Llegamos por la Voca 7 del Poli y vi a los granaderos jugando baraja. En ese momento vi aparecer un helicóptero y frente a mí reconocí a una amiga de mi hija, estudiante de medicina, que miraba preocupada hacia atrás de nosotros, hacia abajo del puente. Volví la mirada al helicóptero que volaba sobre un costado de la iglesia y vi cómo echaba una luz verde o roja.
En ese momento volví mi cabeza hacia atrás y vi los soldados que iban entrando con sus rifles en el brazo.
También me fijé que por el edificio Chihuahua estaban más hombres, con trajes negros o azules y un guante o un pañuelo blanco en su mano.
En ese momento los soldados ya estaban listos para disparar. Toda la gente corrió hacia los edificios, asustada, pues empezaron a oír tiros.
El helicóptero pasó sobre nosotros y empezó a disparar también. Entonces corrieron mis hijos y saltaron una barda. Mi hijo me jaló y nos salimos por una calle aledaña. Ahí tomamos un taxi que pasó. Se hizo un embotellamiento… llegamos como a las nueve de la noche a nuestra casa.
Ahí encontramos a mi hijo mayor, pero mi hija menor no aparecía. Tenía 18 años y estudiaba medicina.

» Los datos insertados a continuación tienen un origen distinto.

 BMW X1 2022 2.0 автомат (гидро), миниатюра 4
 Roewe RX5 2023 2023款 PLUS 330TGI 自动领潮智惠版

Mis otros hijos la fueron a buscar a hospitales y a la morgue, y como a las tres o cuatro de la madrugada me dijeron:
–Madre, tu hija no está muerta. Debe estar escondida en Tlatelolco.
No pudimos dormir, y como a las seis de la mañana llegó y nos contó que toda la noche estuvo en un costado de la iglesia de Tlatelolco, y que a ellas las pusieron de blanco para que les dispararan los halcones.